- _BRIEF_
Repeat every line of the data exactly; no picture belongs in the copy.

[Short web captions]
= Beginning of Section =
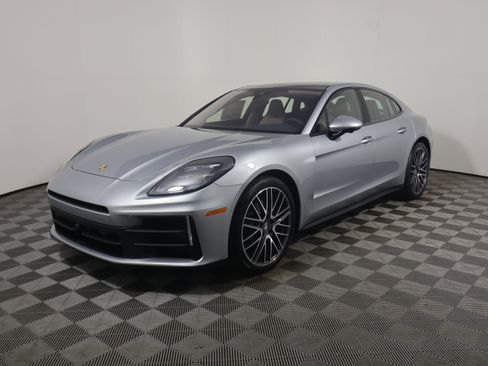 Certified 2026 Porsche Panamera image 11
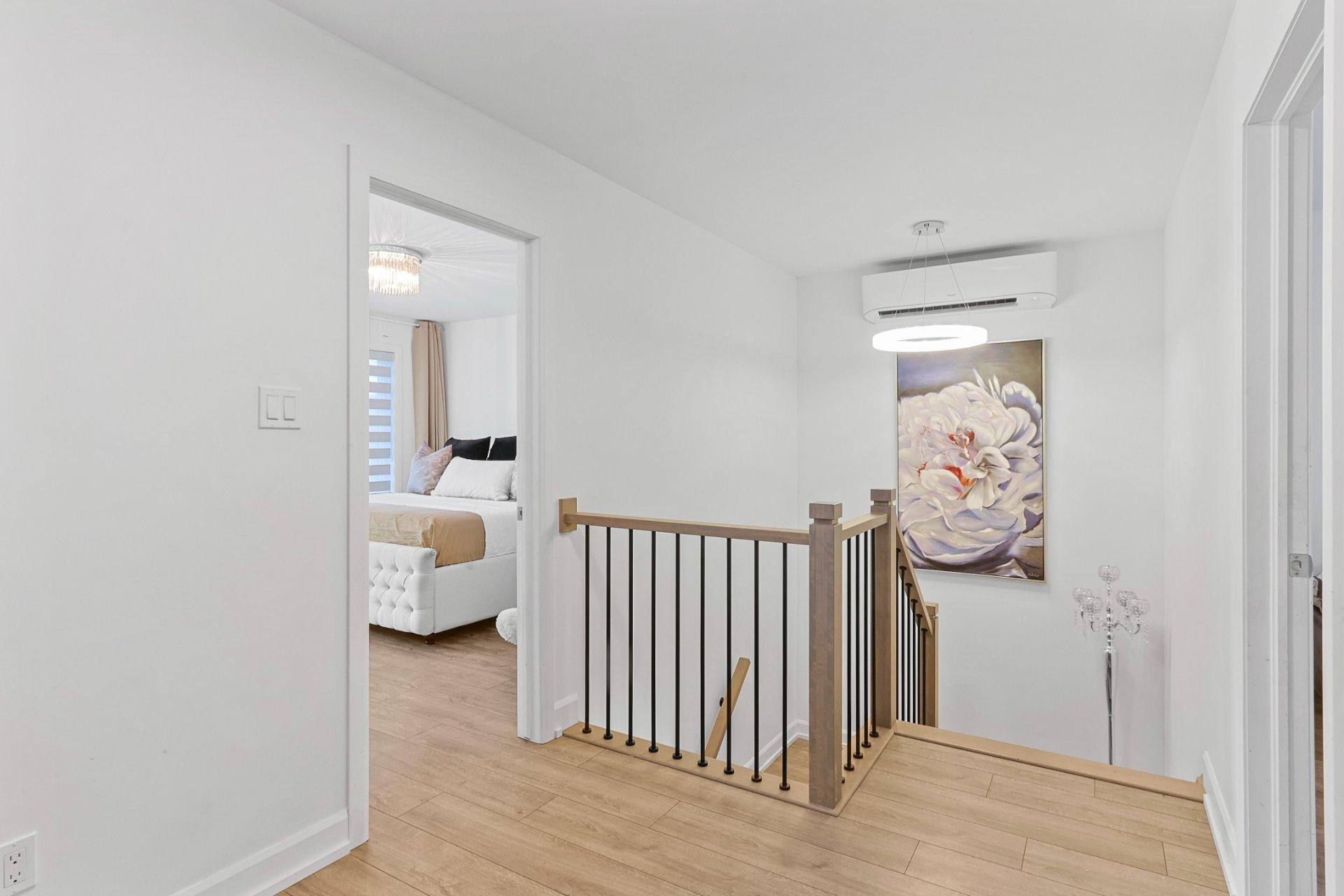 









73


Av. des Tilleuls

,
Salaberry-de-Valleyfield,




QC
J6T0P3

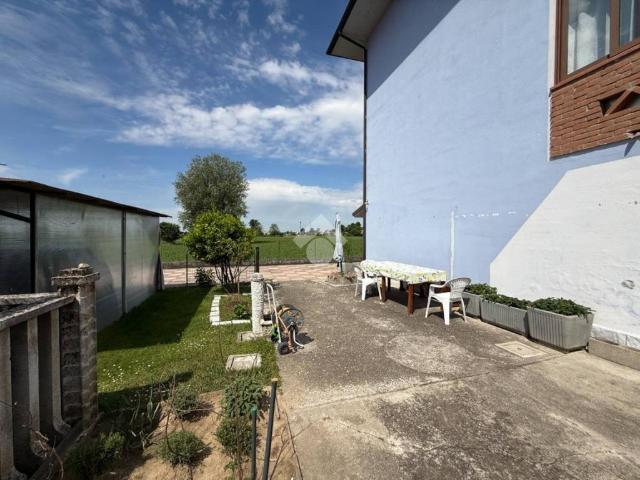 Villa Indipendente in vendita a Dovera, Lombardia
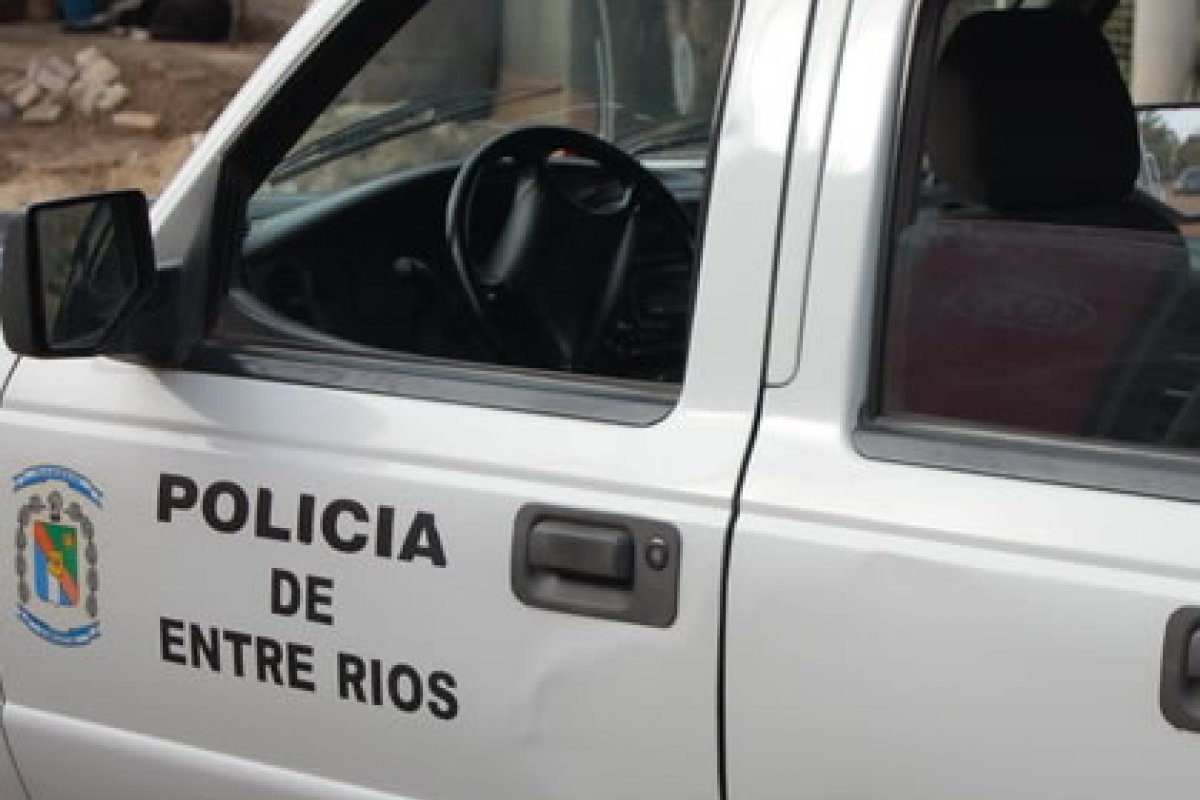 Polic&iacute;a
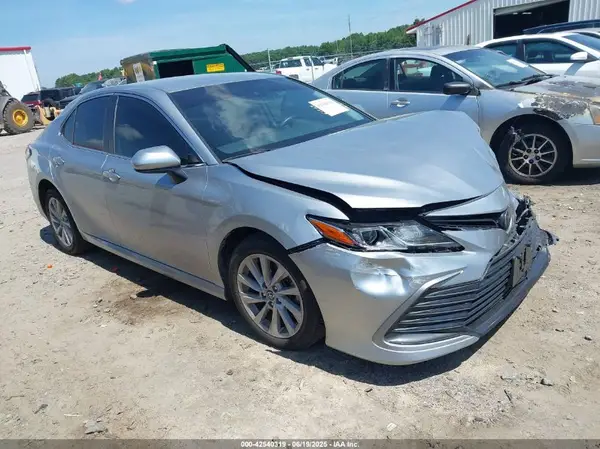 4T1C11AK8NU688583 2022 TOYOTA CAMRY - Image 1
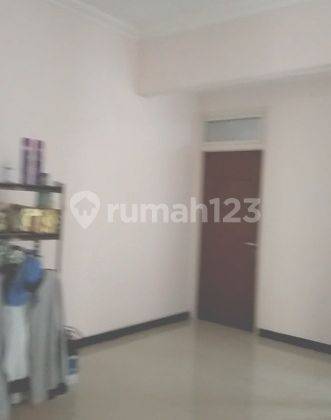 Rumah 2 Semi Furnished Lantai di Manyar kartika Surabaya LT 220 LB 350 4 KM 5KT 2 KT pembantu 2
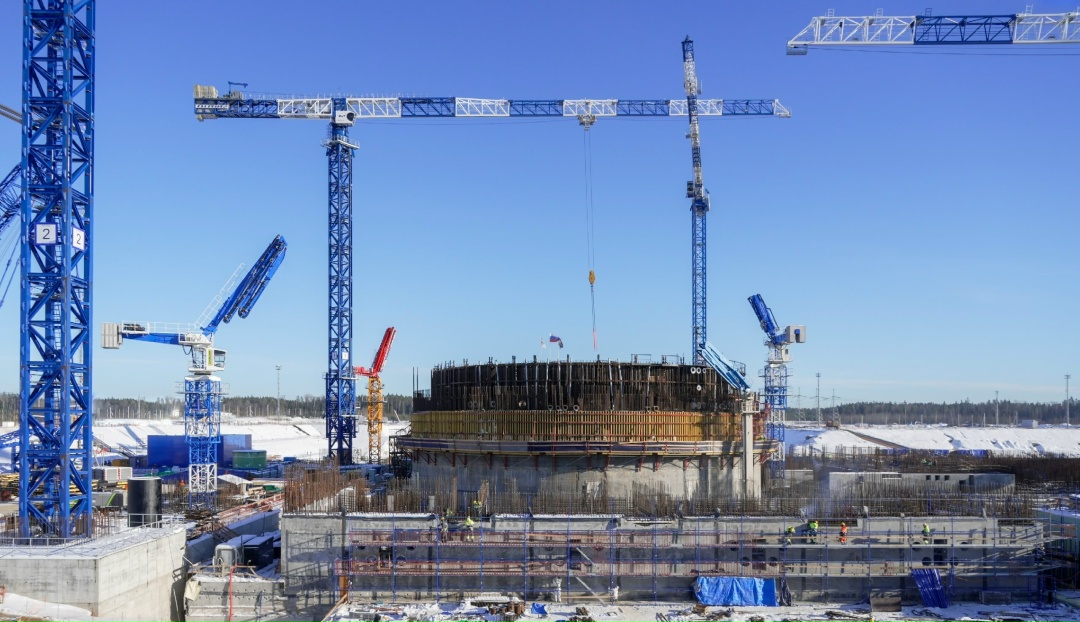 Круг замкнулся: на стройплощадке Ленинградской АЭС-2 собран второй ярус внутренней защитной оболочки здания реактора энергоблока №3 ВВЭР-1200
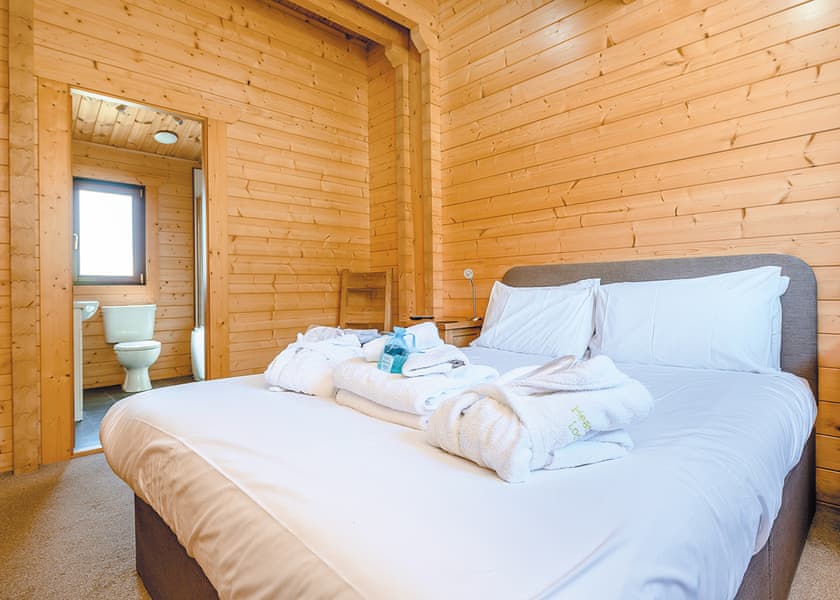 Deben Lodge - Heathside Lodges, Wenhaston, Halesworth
= End of Section =
- _RESPONSE BELOW_
 Certified 2026 Porsche Panamera image 11









73


Av. des Tilleuls

,
Salaberry-de-Valleyfield,




QC
J6T0P3

 Villa Indipendente in vendita a Dovera, Lombardia
 Polic&iacute;a
 4T1C11AK8NU688583 2022 TOYOTA CAMRY - Image 1
 Rumah 2 Semi Furnished Lantai di Manyar kartika Surabaya LT 220 LB 350 4 KM 5KT 2 KT pembantu 2
 Круг замкнулся: на стройплощадке Ленинградской АЭС-2 собран второй ярус внутренней защитной оболочки здания реактора энергоблока №3 ВВЭР-1200
 Deben Lodge - Heathside Lodges, Wenhaston, Halesworth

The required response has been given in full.